Web page caption snippets:
<<<<
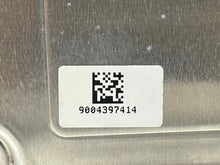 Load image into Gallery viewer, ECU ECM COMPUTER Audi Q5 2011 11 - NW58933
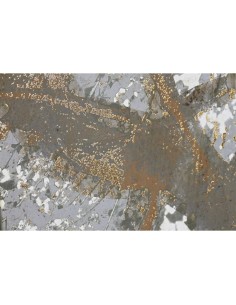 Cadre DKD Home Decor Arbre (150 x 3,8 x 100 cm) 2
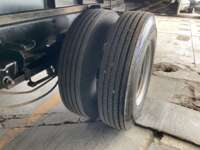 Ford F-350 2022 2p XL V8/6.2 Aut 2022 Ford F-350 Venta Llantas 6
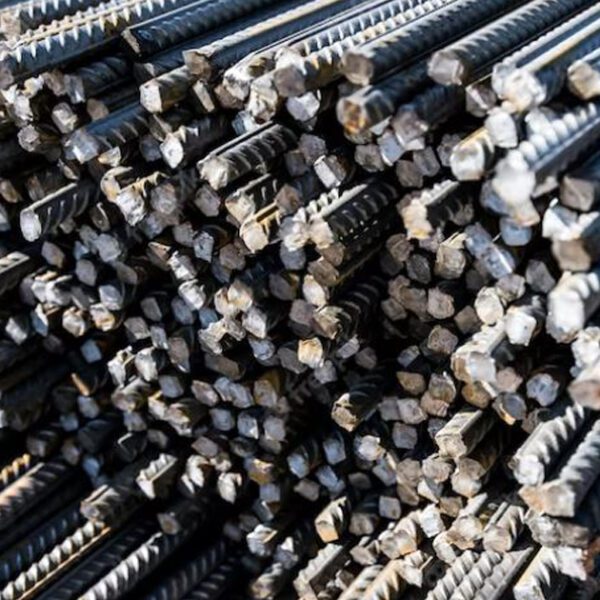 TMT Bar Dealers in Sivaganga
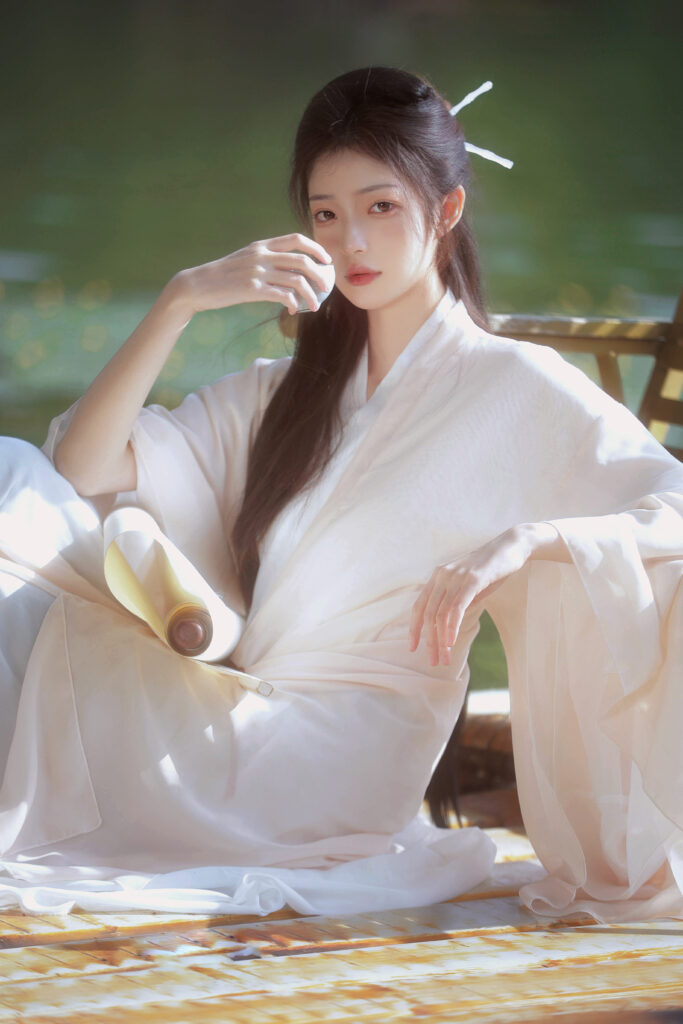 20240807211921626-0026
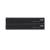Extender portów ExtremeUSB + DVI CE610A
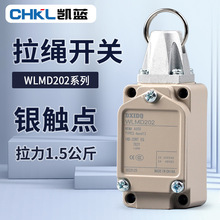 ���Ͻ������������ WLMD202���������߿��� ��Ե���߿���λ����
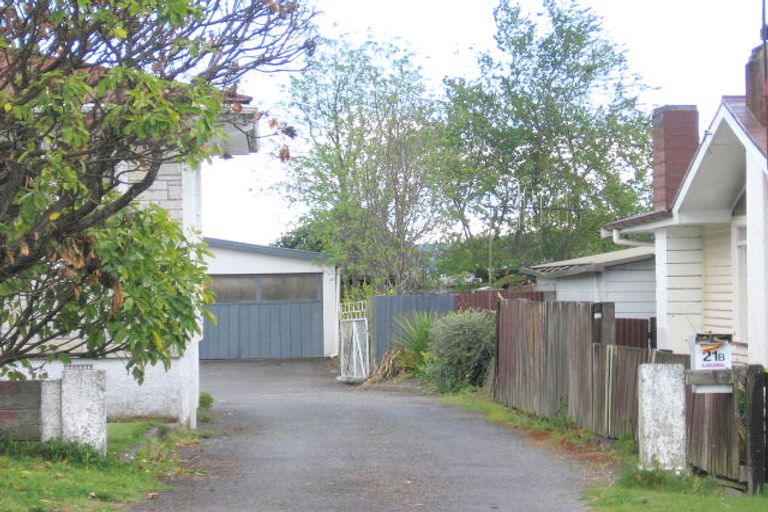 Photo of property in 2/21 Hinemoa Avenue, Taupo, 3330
>>>>
<<<<
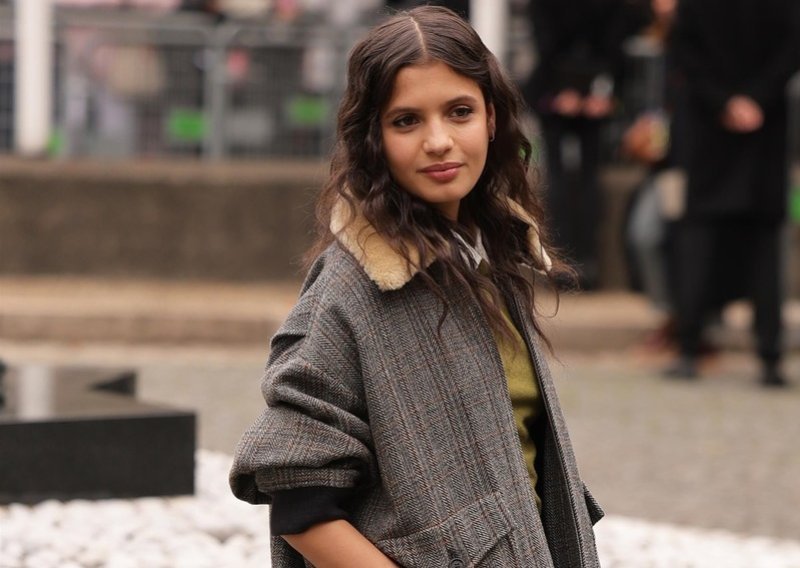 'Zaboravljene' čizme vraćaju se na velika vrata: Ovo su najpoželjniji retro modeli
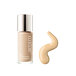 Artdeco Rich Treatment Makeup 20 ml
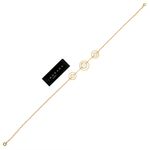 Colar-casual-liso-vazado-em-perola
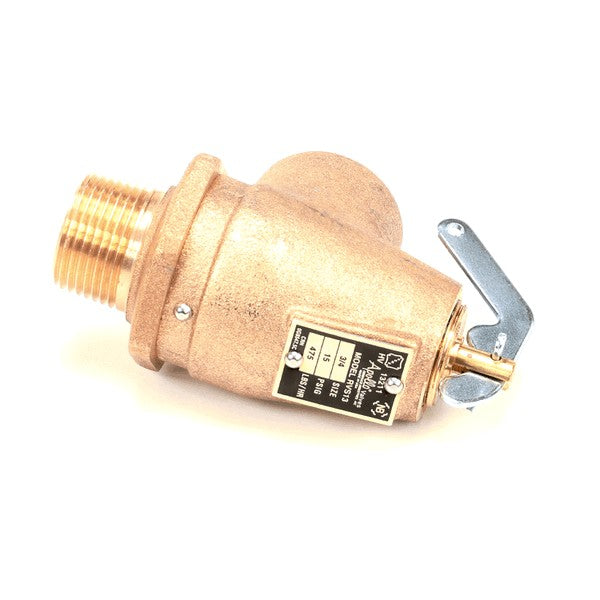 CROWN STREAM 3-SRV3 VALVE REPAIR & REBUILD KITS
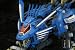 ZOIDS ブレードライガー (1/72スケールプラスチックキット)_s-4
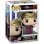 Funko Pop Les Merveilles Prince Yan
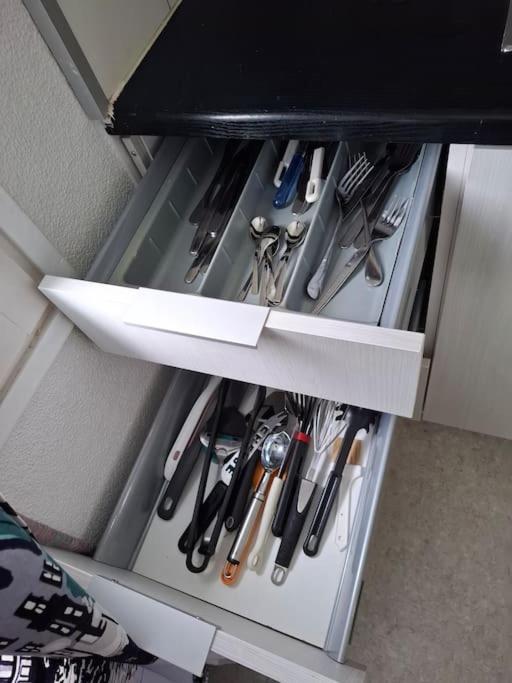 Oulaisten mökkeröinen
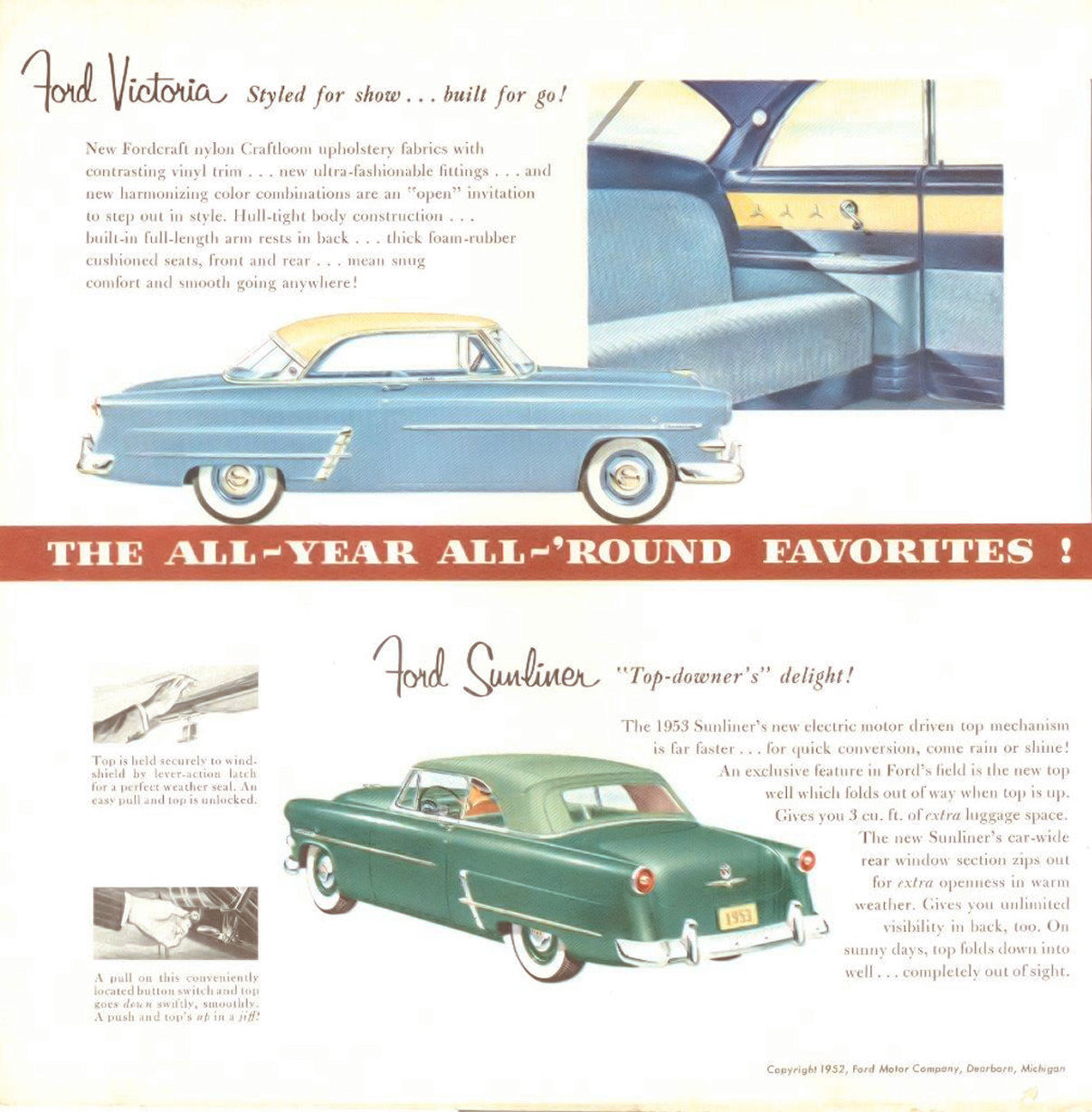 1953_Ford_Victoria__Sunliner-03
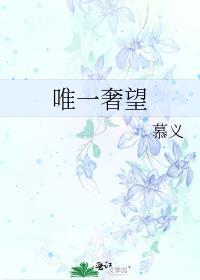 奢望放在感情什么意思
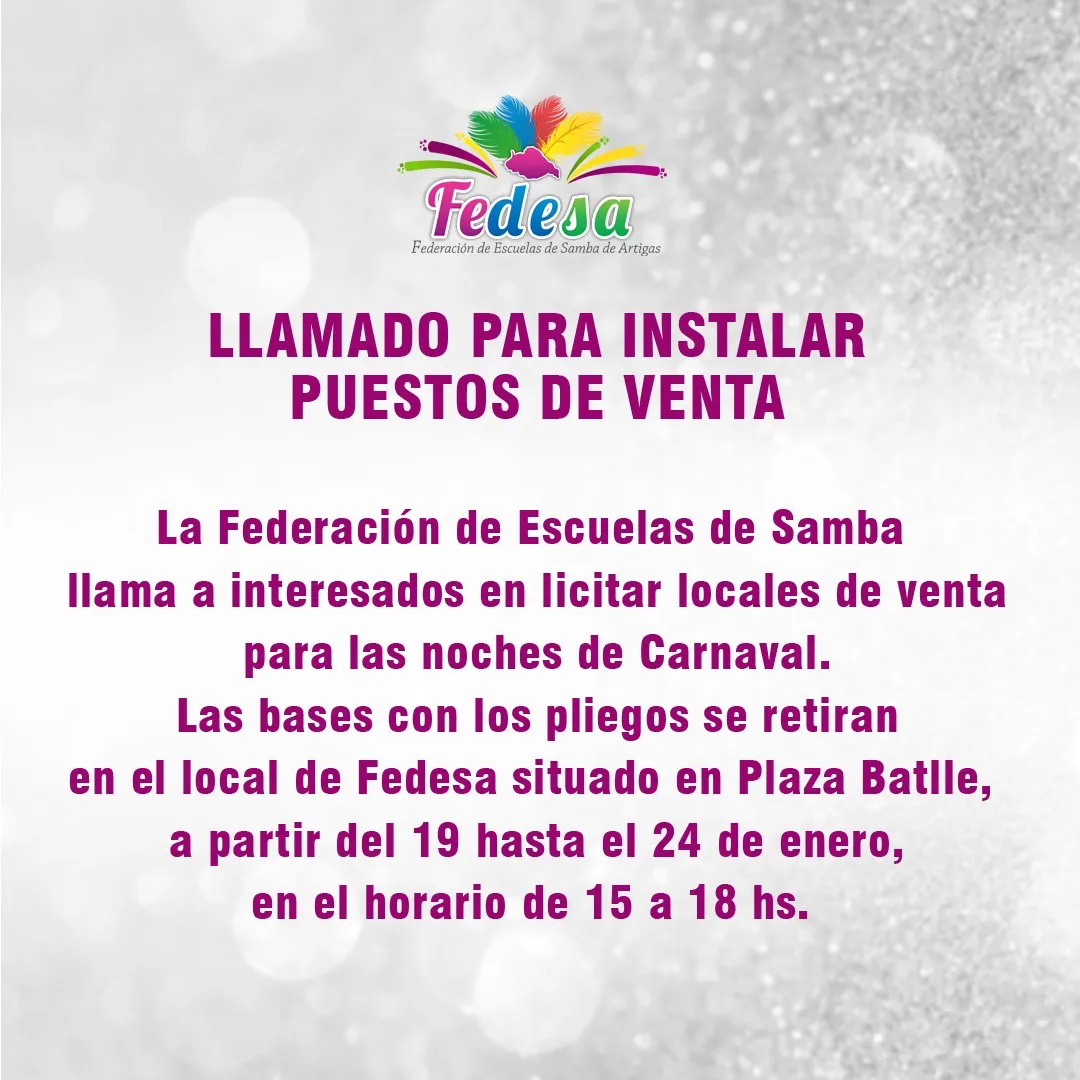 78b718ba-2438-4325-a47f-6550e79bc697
>>>>
<<<<
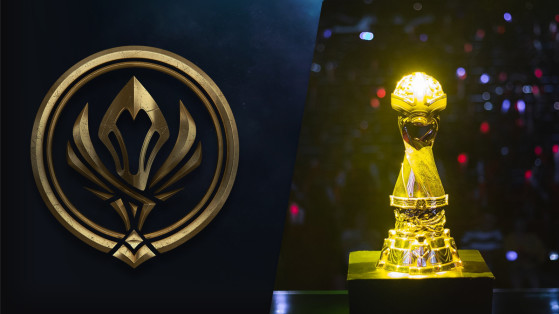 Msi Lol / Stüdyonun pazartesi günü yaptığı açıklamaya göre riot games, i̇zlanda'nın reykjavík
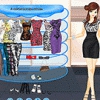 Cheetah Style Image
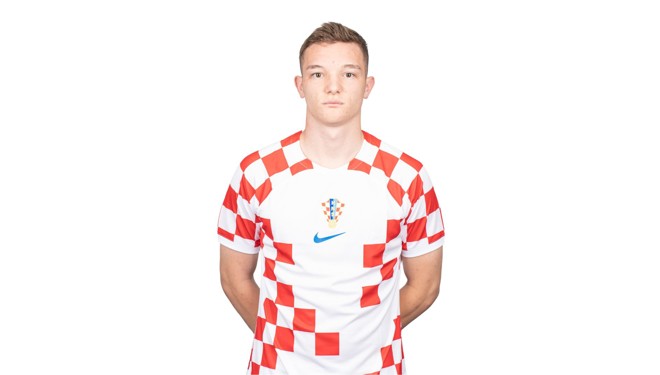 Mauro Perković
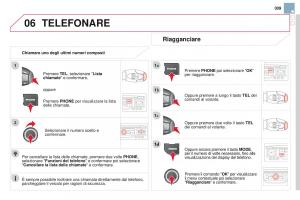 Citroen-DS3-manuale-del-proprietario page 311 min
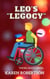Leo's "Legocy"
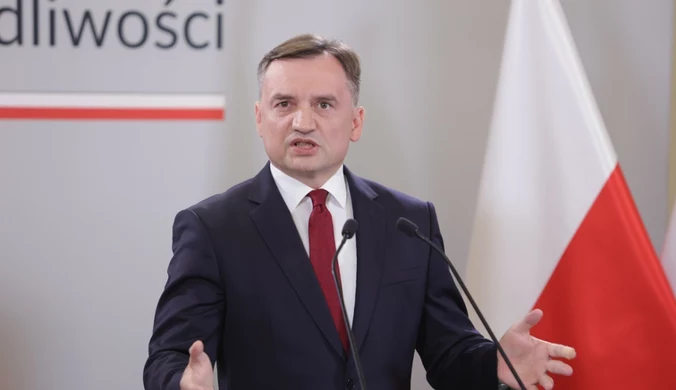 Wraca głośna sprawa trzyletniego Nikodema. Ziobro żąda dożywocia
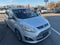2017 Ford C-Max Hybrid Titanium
>>>>
### Problem to work on:
Taking the entries above, copy word for word the lines from the one with "TMT Bar Dealers in Sivaganga" up to and including the one with "Photo of property", without any picture.

### Finished exercise:
 TMT Bar Dealers in Sivaganga
 20240807211921626-0026
Extender portów ExtremeUSB + DVI CE610A
 ���Ͻ������������ WLMD202���������߿��� ��Ե���߿���λ����
 Photo of property in 2/21 Hinemoa Avenue, Taupo, 3330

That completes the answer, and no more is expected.